**INSTRUCTIONS FOR THE TASK**
Could you output every record below exactly, leaving out the pictures?

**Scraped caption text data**

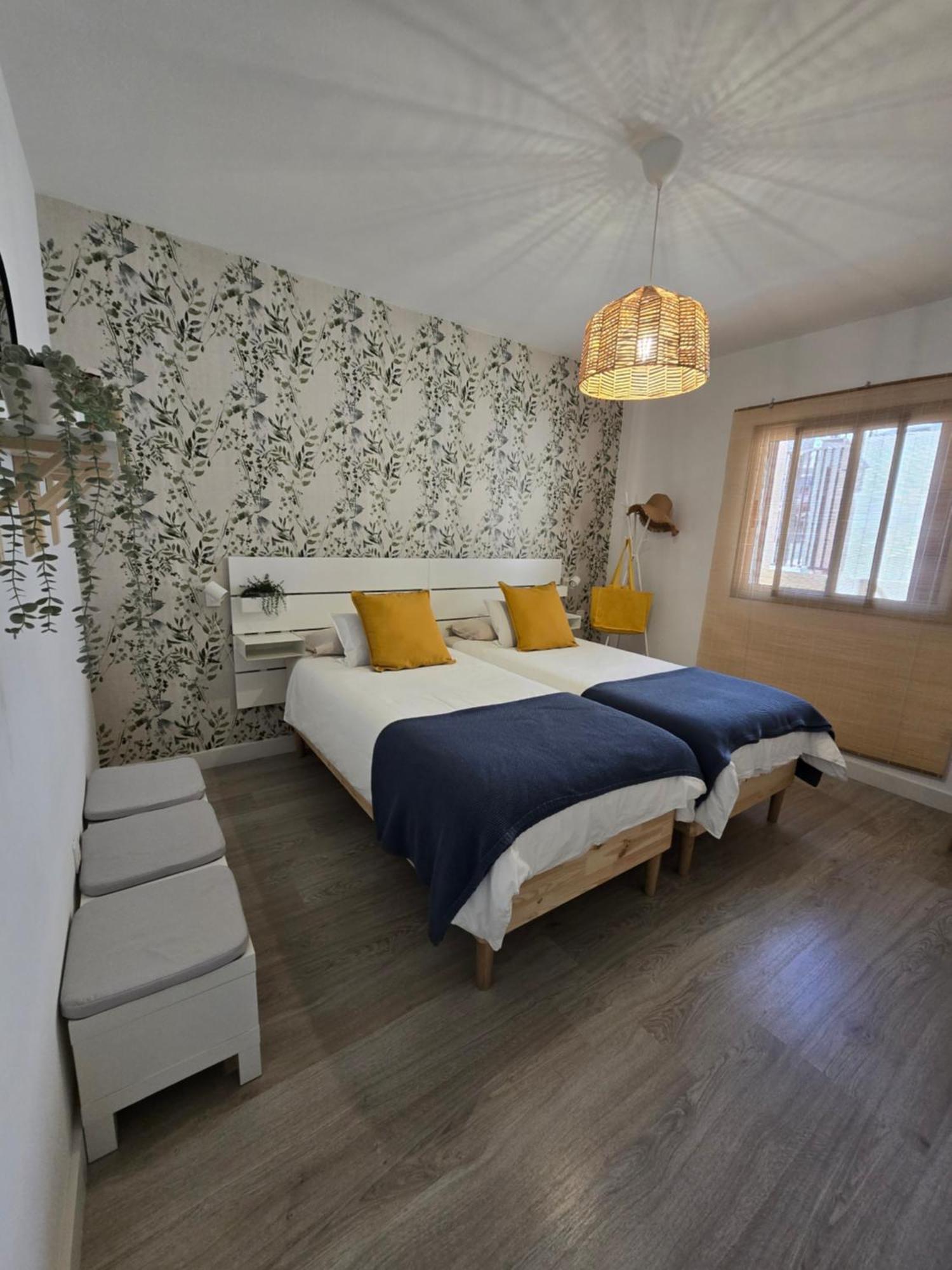 La Casita De Mia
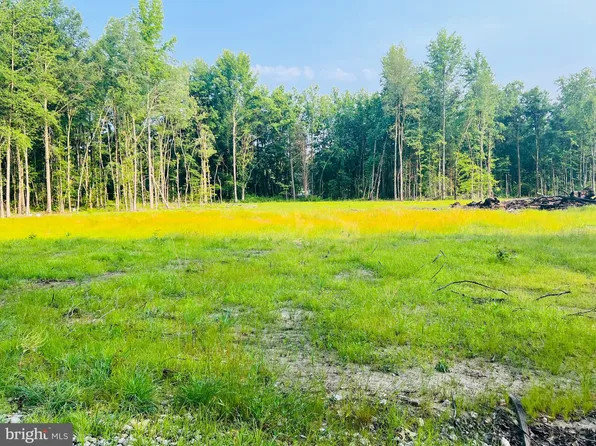 LOT Two Downs Chapel Rd, Clayton, DE 19938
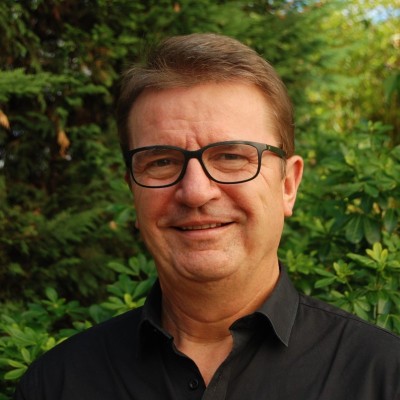 Fabrice Tusseau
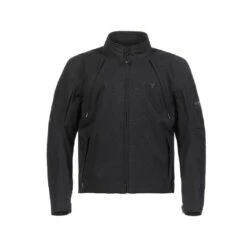 Triumph Warrior Motorjas -Motorfiets Uitrusting triumph warrior motorjas MTPS22306 6857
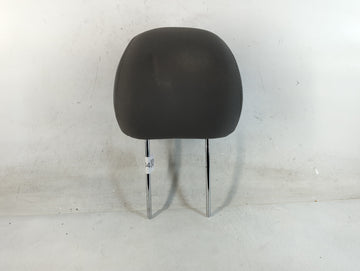 2012 Hyundai Sonata Headrest Head Rest Front Driver Passenger Seat Fits OEM Used Auto Parts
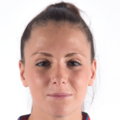 Ảnh cầu thủ Laura Ghisi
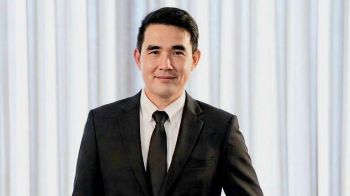 พาณิชย์ขับเคลื่อน 13 มาตรการ ช่วยกุ้งไทย 5 สายพันธุ์ ที่ถูกมาเลย์ระงับนำเข้า เร่งดูดซับเดือน 400 ตัน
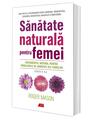 Copertă produs Sănătate naturală pentru femei - thumb 3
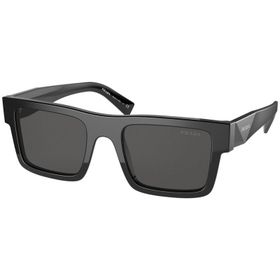 Prada 0PR19WS1AB5S052 Unisex Güneş Gözlüğü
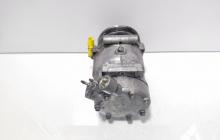 Compresor clima, Peugeot 3008, 1.6 HDI, 9HZ (idi:721662)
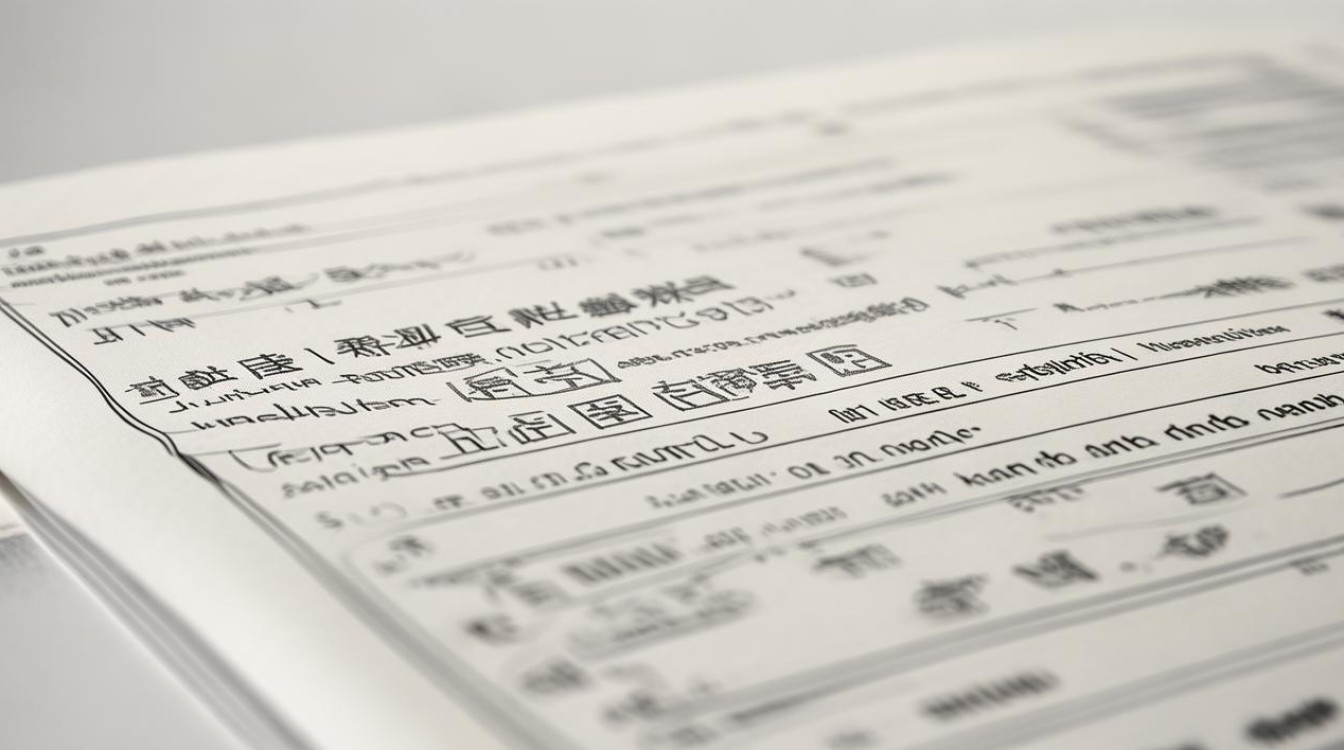 抚州事业单位面试名单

**ANSWER SECTION**
 La Casita De Mia
 LOT Two Downs Chapel Rd, Clayton, DE 19938
 Fabrice Tusseau
 Triumph Warrior Motorjas -Motorfiets Uitrusting triumph warrior motorjas MTPS22306 6857
 2012 Hyundai Sonata Headrest Head Rest Front Driver Passenger Seat Fits OEM Used Auto Parts
 Ảnh cầu thủ Laura Ghisi
 พาณิชย์ขับเคลื่อน 13 มาตรการ ช่วยกุ้งไทย 5 สายพันธุ์ ที่ถูกมาเลย์ระงับนำเข้า เร่งดูดซับเดือน 400 ตัน
 Copertă produs Sănătate naturală pentru femei - thumb 3
 Prada 0PR19WS1AB5S052 Unisex Güneş Gözlüğü
 Compresor clima, Peugeot 3008, 1.6 HDI, 9HZ (idi:721662)
 抚州事业单位面试名单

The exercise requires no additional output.